** Given information **
BEGIN

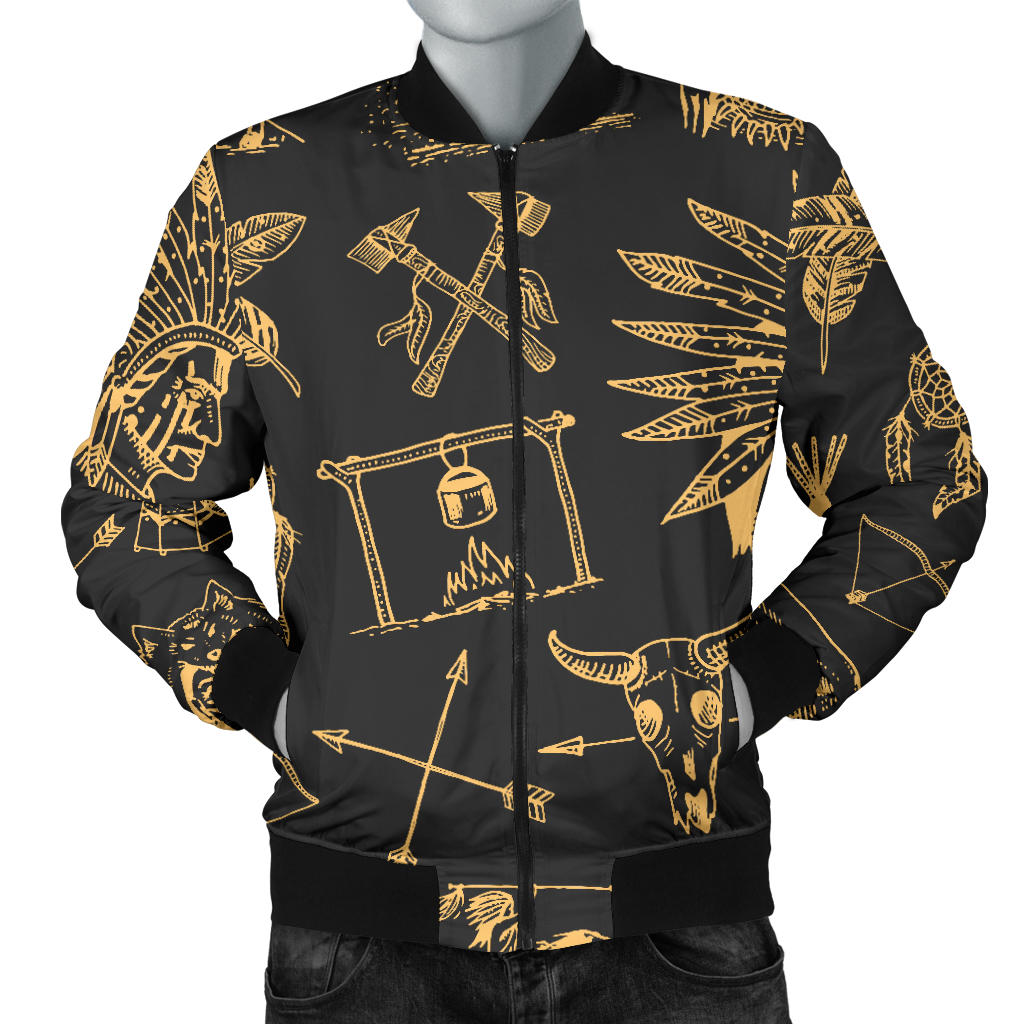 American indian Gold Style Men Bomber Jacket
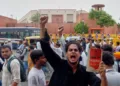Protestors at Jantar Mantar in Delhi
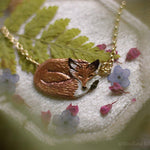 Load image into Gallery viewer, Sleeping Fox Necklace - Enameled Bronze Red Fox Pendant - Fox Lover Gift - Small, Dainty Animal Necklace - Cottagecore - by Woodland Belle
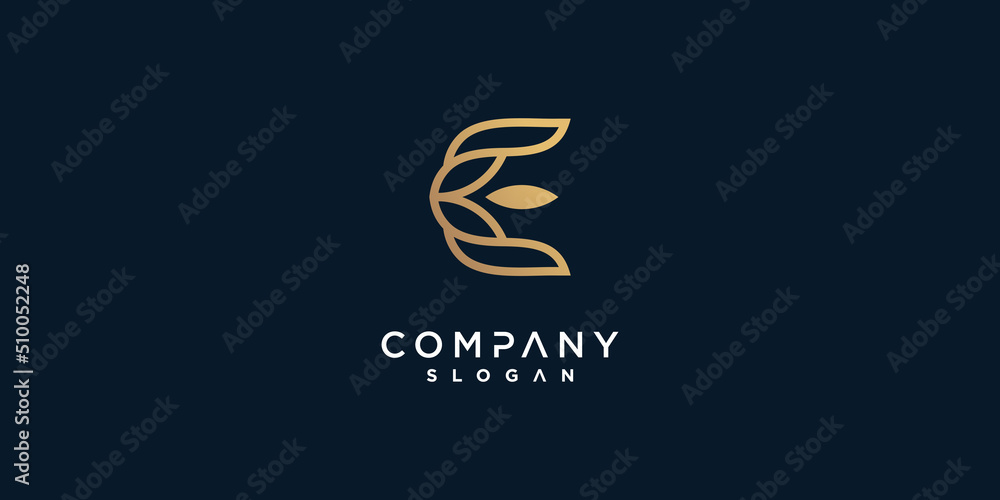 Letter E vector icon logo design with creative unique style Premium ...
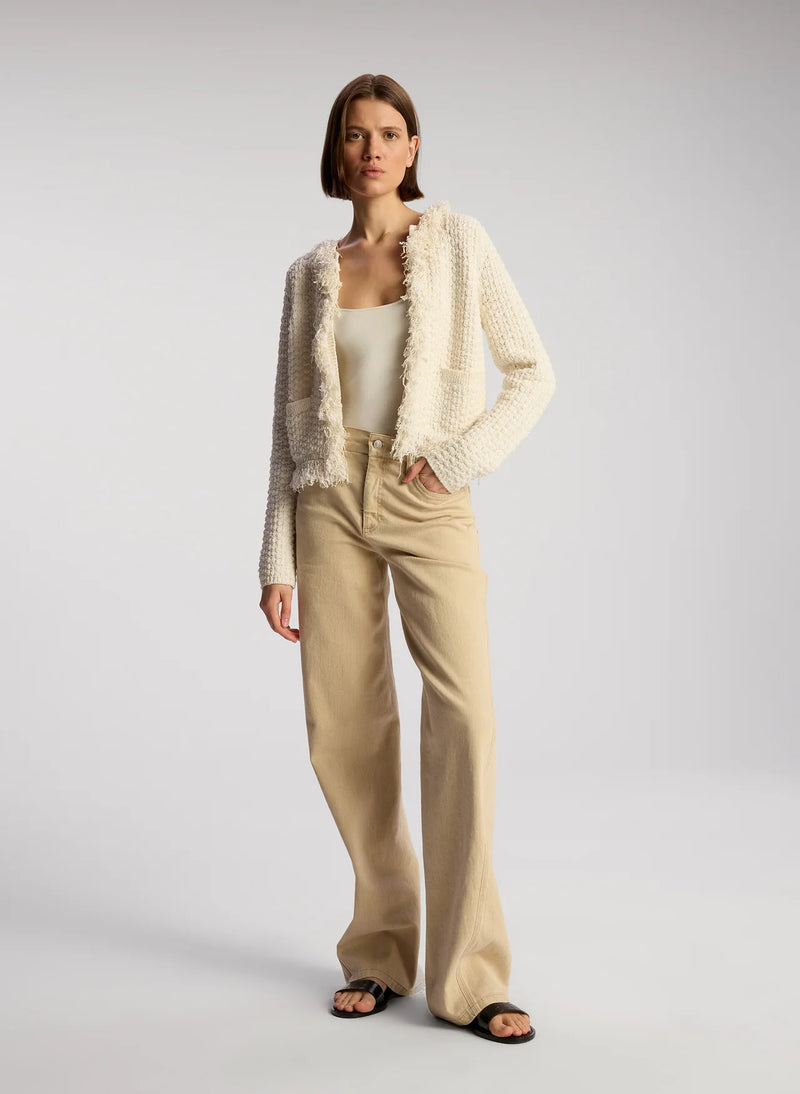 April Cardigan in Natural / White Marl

END

** What this task involves **
Where the data contains images, drop them and print the rest exactly.

** Response below **
 American indian Gold Style Men Bomber Jacket
Protestors at Jantar Mantar in Delhi
 Load image into Gallery viewer, Sleeping Fox Necklace - Enameled Bronze Red Fox Pendant - Fox Lover Gift - Small, Dainty Animal Necklace - Cottagecore - by Woodland Belle
 Letter E vector icon logo design with creative unique style Premium ...
 April Cardigan in Natural / White Marl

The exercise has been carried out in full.